WHAT YOU ARE ASKED TO DO: Return all the records, each one exactly as given.

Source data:
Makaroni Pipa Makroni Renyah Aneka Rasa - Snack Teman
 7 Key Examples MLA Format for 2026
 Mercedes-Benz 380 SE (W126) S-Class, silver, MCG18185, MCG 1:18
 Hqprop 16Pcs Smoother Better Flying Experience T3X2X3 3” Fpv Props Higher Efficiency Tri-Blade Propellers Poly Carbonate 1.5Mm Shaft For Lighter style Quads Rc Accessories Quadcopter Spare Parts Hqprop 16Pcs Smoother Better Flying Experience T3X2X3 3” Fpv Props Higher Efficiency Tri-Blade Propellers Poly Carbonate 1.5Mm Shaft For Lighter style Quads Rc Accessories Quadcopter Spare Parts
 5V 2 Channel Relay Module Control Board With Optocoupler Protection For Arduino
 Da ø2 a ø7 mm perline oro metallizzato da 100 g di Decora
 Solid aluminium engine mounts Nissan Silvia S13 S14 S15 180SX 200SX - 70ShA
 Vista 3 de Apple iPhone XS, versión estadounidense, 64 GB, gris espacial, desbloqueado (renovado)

WRITTEN ANSWER:
Makaroni Pipa Makroni Renyah Aneka Rasa - Snack Teman
 7 Key Examples MLA Format for 2026
 Mercedes-Benz 380 SE (W126) S-Class, silver, MCG18185, MCG 1:18
 Hqprop 16Pcs Smoother Better Flying Experience T3X2X3 3” Fpv Props Higher Efficiency Tri-Blade Propellers Poly Carbonate 1.5Mm Shaft For Lighter style Quads Rc Accessories Quadcopter Spare Parts Hqprop 16Pcs Smoother Better Flying Experience T3X2X3 3” Fpv Props Higher Efficiency Tri-Blade Propellers Poly Carbonate 1.5Mm Shaft For Lighter style Quads Rc Accessories Quadcopter Spare Parts
 5V 2 Channel Relay Module Control Board With Optocoupler Protection For Arduino
 Da ø2 a ø7 mm perline oro metallizzato da 100 g di Decora
 Solid aluminium engine mounts Nissan Silvia S13 S14 S15 180SX 200SX - 70ShA
 Vista 3 de Apple iPhone XS, versión estadounidense, 64 GB, gris espacial, desbloqueado (renovado)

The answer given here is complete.